## [Exercise aim]
In the copy, keep every line below as it is and leave out the pictures.
Start of Data segment
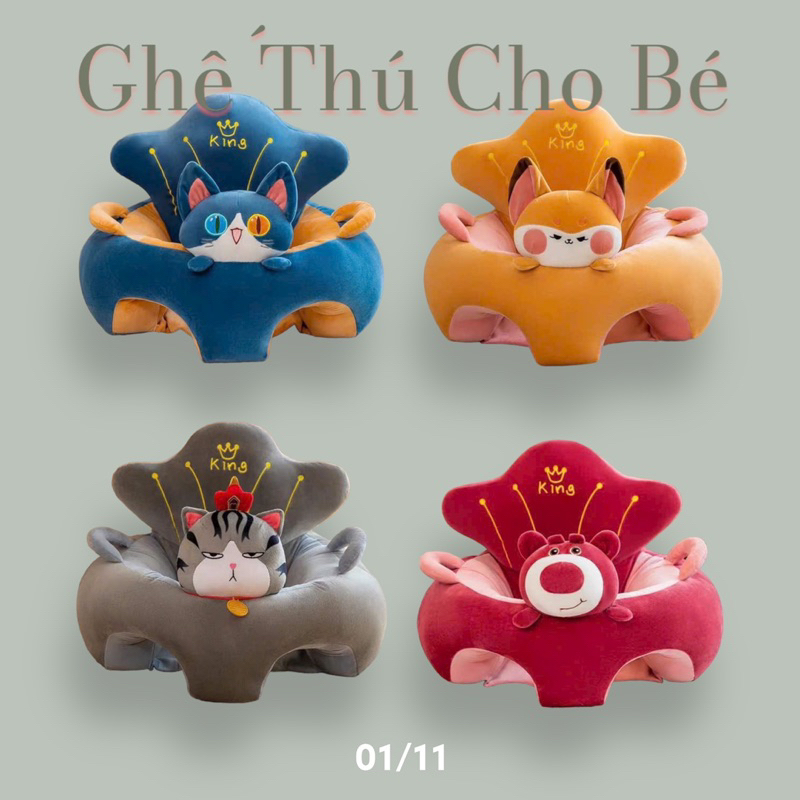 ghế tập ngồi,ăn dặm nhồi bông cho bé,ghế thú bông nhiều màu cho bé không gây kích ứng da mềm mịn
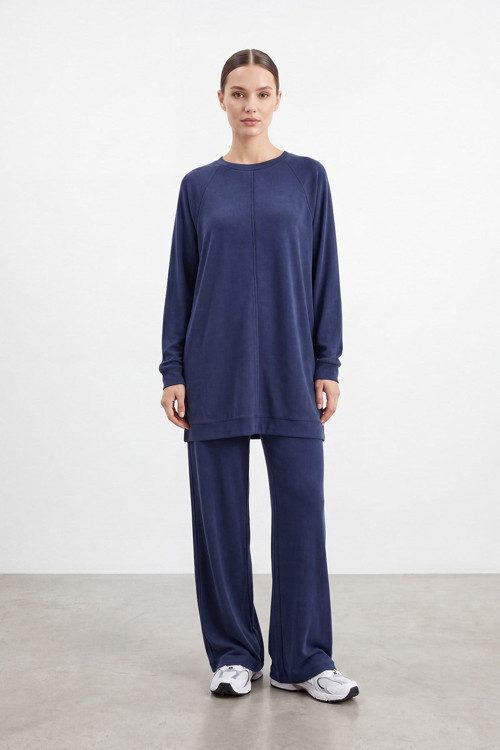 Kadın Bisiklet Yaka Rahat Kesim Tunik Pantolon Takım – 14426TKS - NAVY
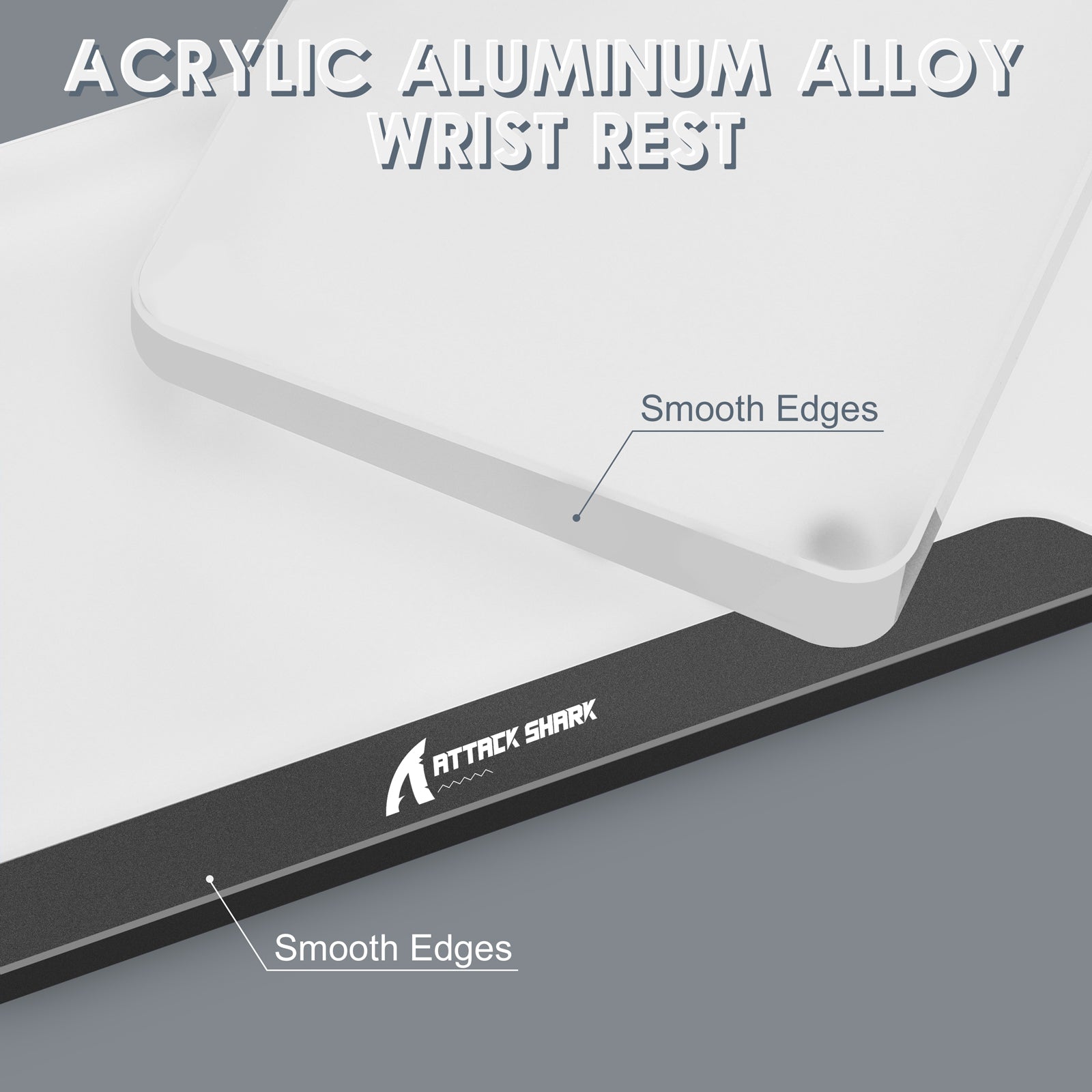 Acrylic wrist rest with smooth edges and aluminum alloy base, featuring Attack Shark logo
End of Data segment
## [Exercise response]
 ghế tập ngồi,ăn dặm nhồi bông cho bé,ghế thú bông nhiều màu cho bé không gây kích ứng da mềm mịn
 Kadın Bisiklet Yaka Rahat Kesim Tunik Pantolon Takım – 14426TKS - NAVY
 Acrylic wrist rest with smooth edges and aluminum alloy base, featuring Attack Shark logo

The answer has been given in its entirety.